» **Problem**: Word for word and without images, transcribe all of the records.

» **Data**:
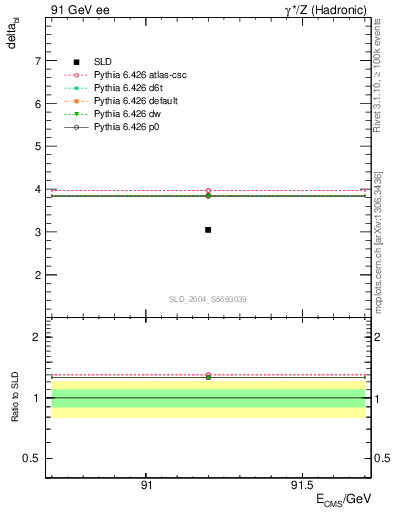 Plot of nchDiffLB in 91 GeV ee collisions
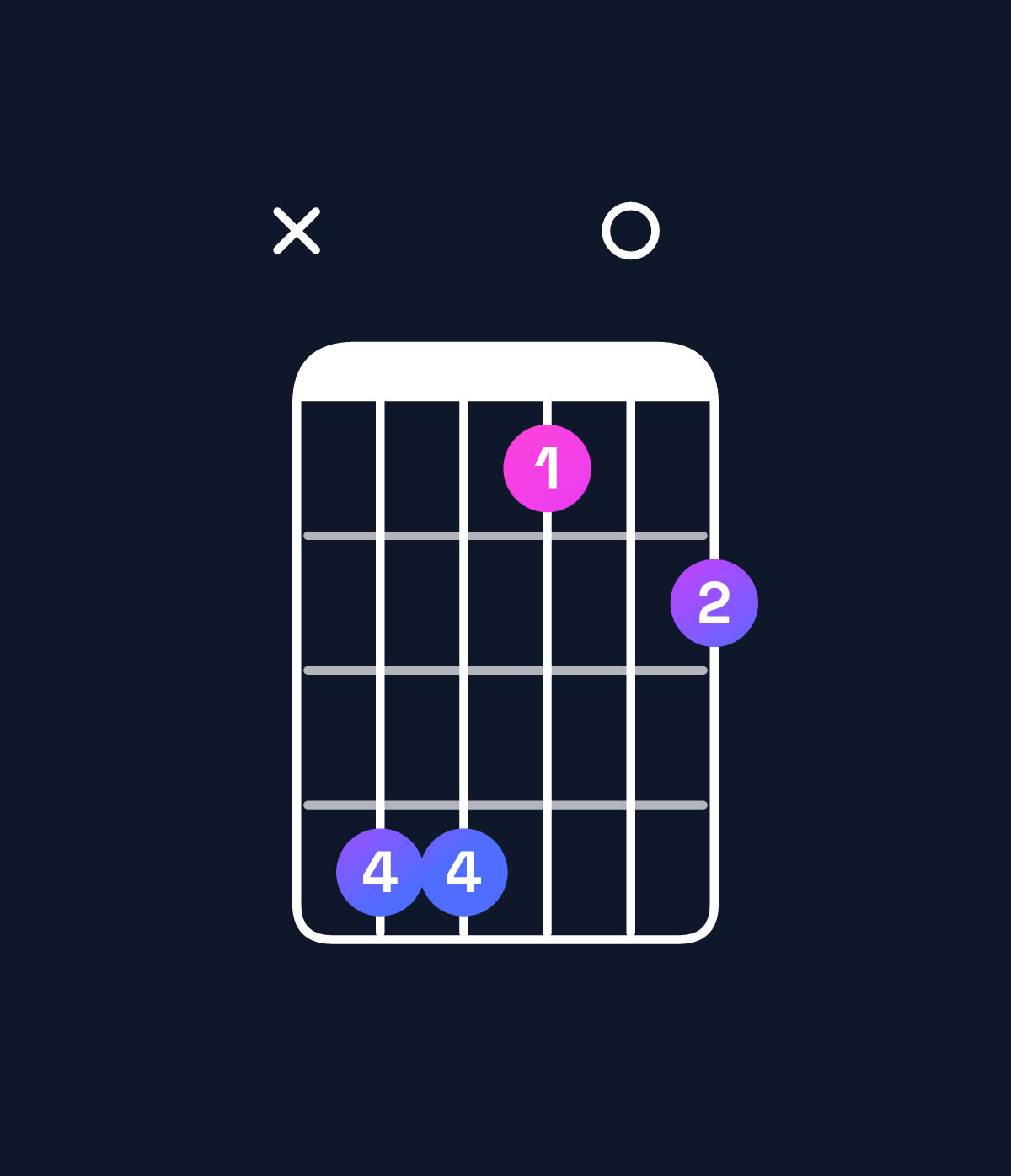 Chord chart for How to play B major 7th add 13 / D♯ (1st inversion) chord on guitar — Shape x66304 | Guitar Wiz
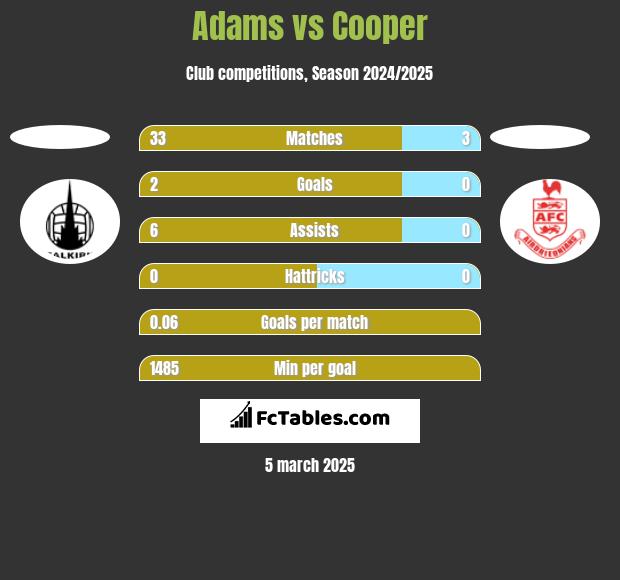 Adams vs Cooper h2h player stats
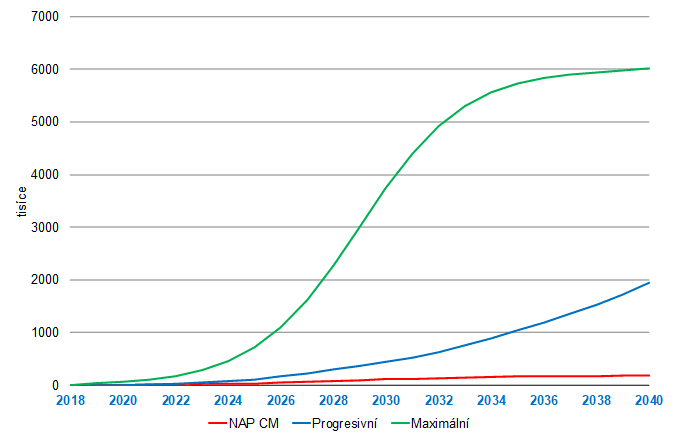 Srovnání scénářů elektromobility. Zdroj: Národní akční plán čisté mobility 2015; EGÚ Brno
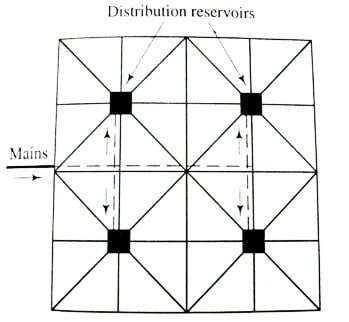 sistema de distribución de agua radial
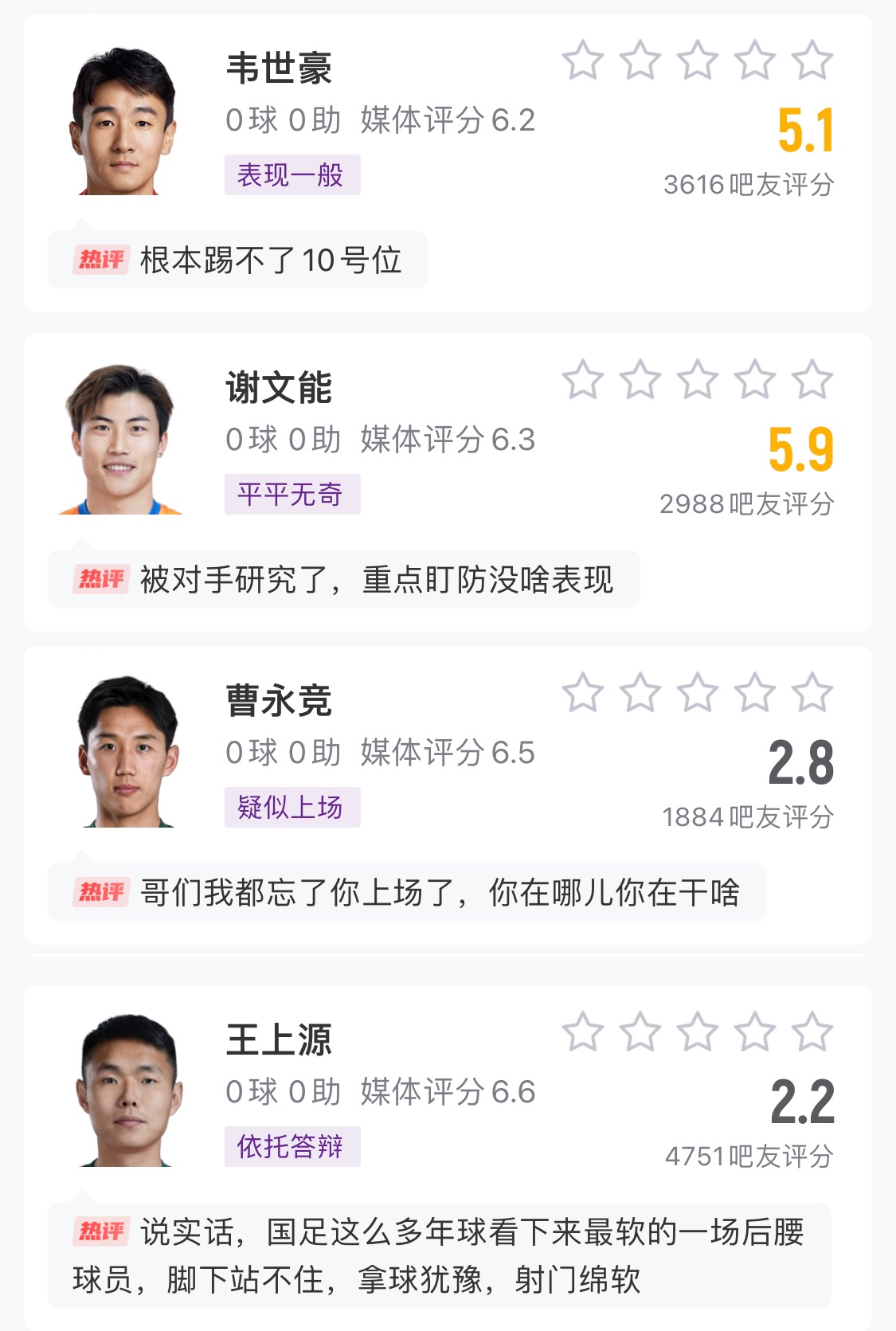  中場成短板！國足菱形中場評分普遍低迷，吧友：韋世豪踢不了10號
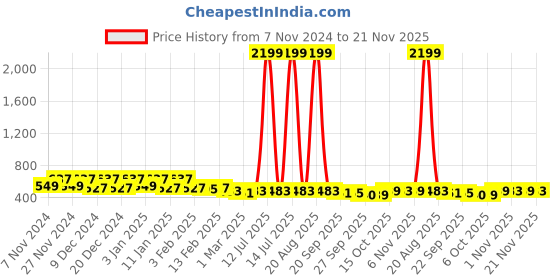 myntra.com Kuber Industries Pink 2 Pieces Multi-Utility Organisers kuber industries Price History Graph from 7 Nov 2024 to 21 Nov 2025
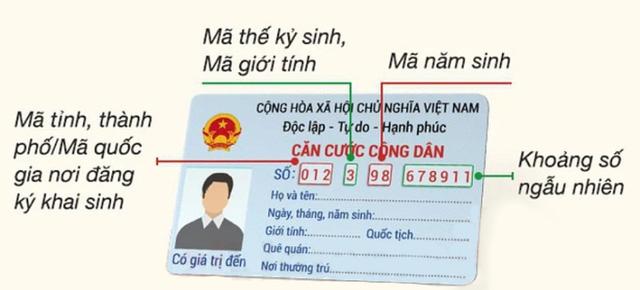 Thẻ căn cước công dân gắn chip và 11 điều người dân cần biết - Ảnh 3.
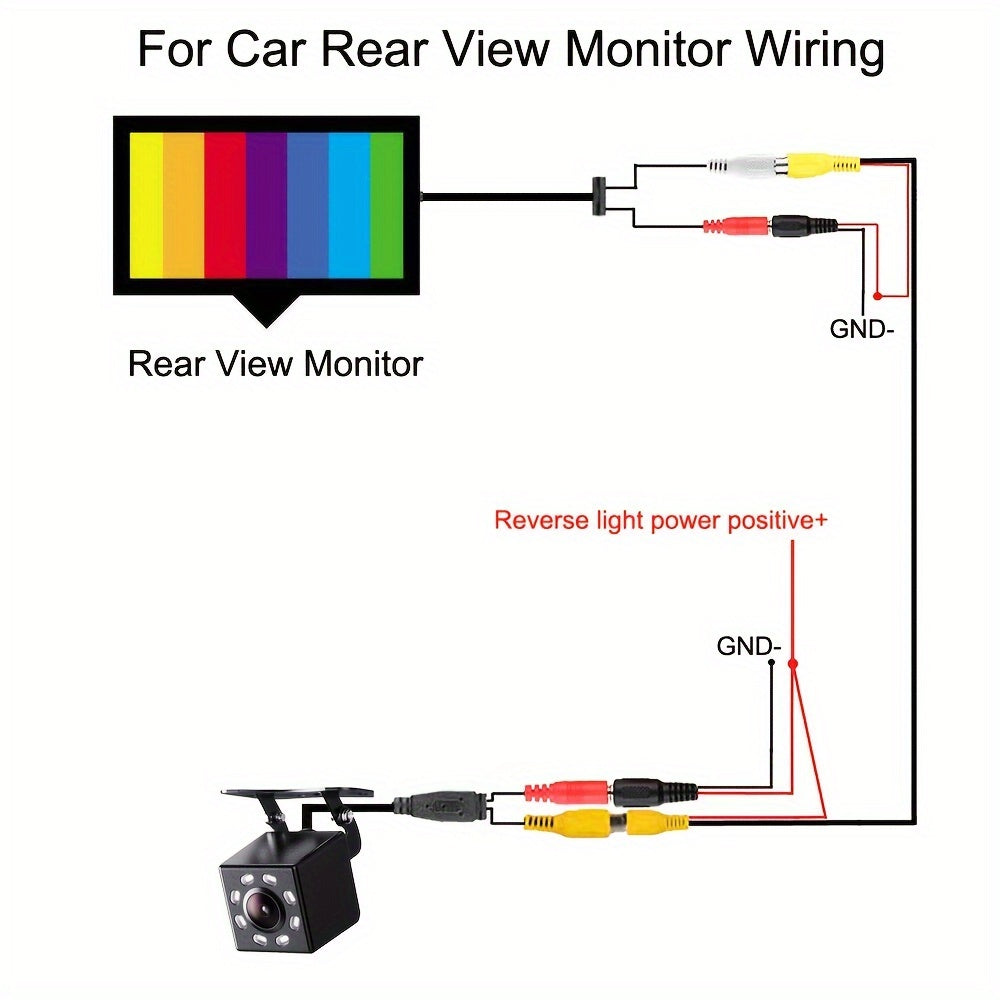 8LED Night Vision Reversing Camera HD 4.3 Inch Monitor Wide Angle Parking System for Multi Vehicle Safety Backup    Home Decor Supply | Online Retail | ShoreShopper.com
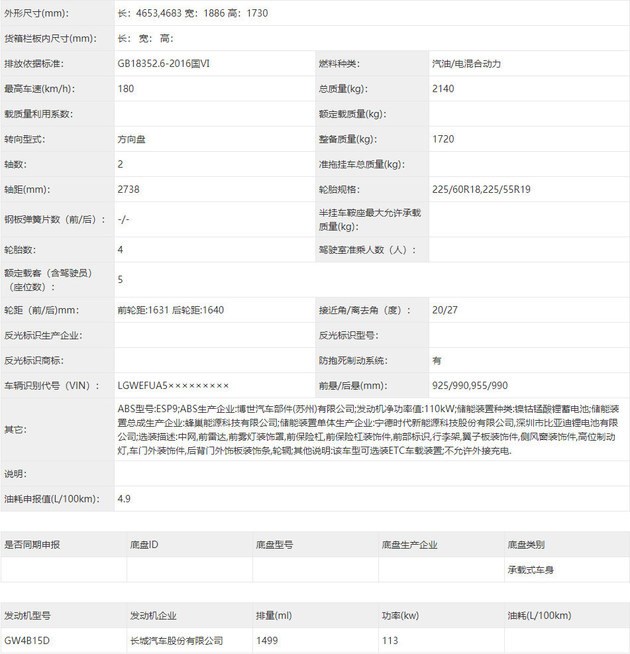 哈弗H6混合动力版来了，百公里油耗仅4.9L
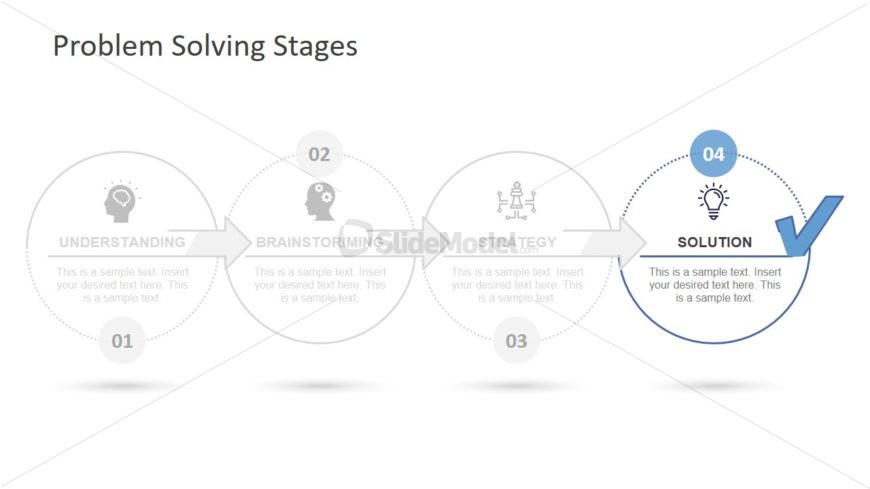 Problem Solving Process Roadmap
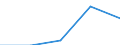 International Standard Classification of Education (ISCED 1997): First and second stage of tertiary education (levels 5 and 6) / Education indicator: Nationals studying abroad in absolute numbers / Geopolitical entity (partner): Belgium / Geopolitical entity (reporting): United Kingdom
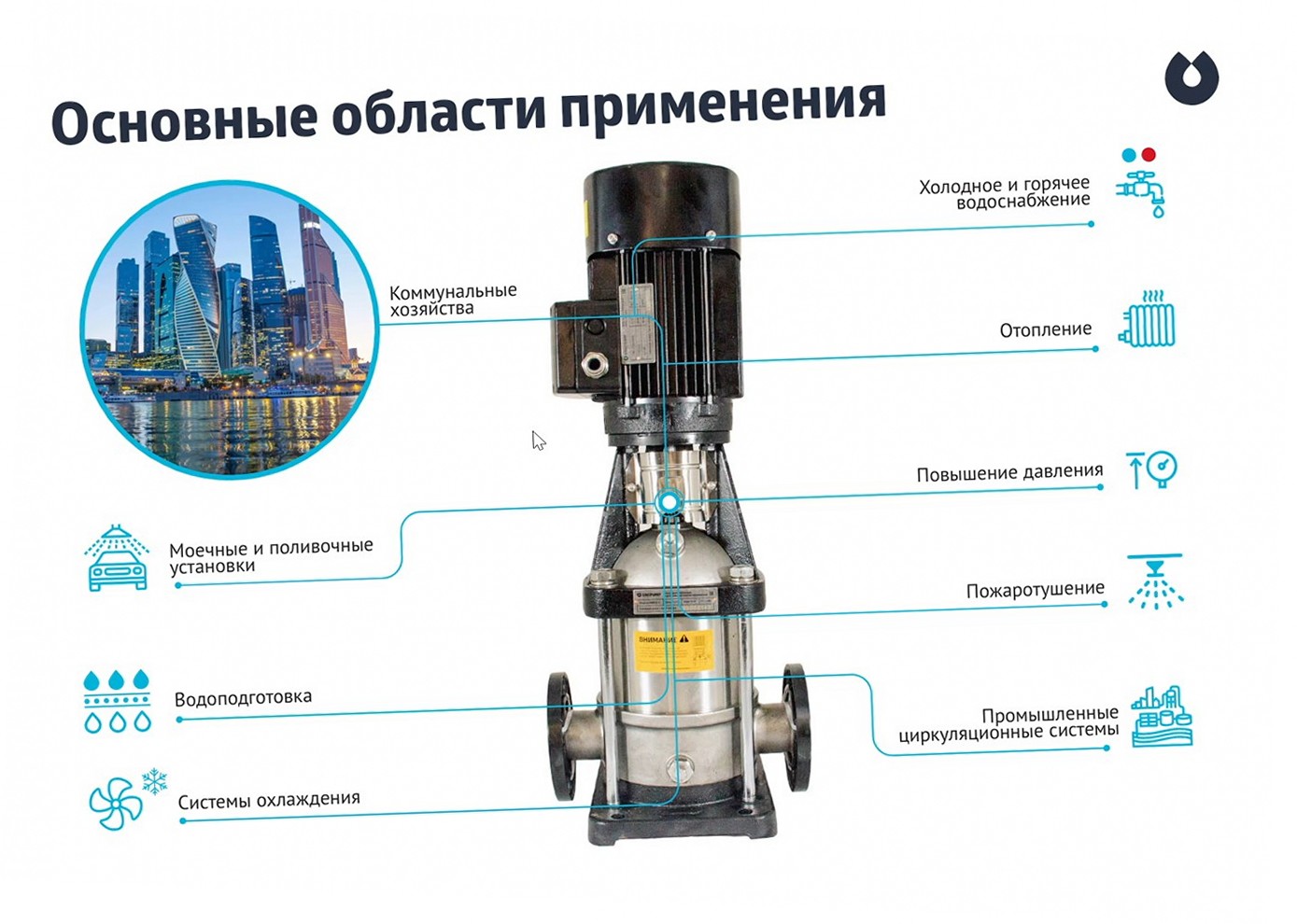 Промышленное оборудование (Насосы MVH, CM и VM)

» **Completed exercise**:
 Plot of nchDiffLB in 91 GeV ee collisions
 Chord chart for How to play B major 7th add 13 / D♯ (1st inversion) chord on guitar — Shape x66304 | Guitar Wiz
 Adams vs Cooper h2h player stats
 Srovnání scénářů elektromobility. Zdroj: Národní akční plán čisté mobility 2015; EGÚ Brno
 sistema de distribución de agua radial
  中場成短板！國足菱形中場評分普遍低迷，吧友：韋世豪踢不了10號
 myntra.com Kuber Industries Pink 2 Pieces Multi-Utility Organisers kuber industries Price History Graph from 7 Nov 2024 to 21 Nov 2025
 Thẻ căn cước công dân gắn chip và 11 điều người dân cần biết - Ảnh 3.
 8LED Night Vision Reversing Camera HD 4.3 Inch Monitor Wide Angle Parking System for Multi Vehicle Safety Backup    Home Decor Supply | Online Retail | ShoreShopper.com
 哈弗H6混合动力版来了，百公里油耗仅4.9L
 Problem Solving Process Roadmap
 International Standard Classification of Education (ISCED 1997): First and second stage of tertiary education (levels 5 and 6) / Education indicator: Nationals studying abroad in absolute numbers / Geopolitical entity (partner): Belgium / Geopolitical entity (reporting): United Kingdom
 Промышленное оборудование (Насосы MVH, CM и VM)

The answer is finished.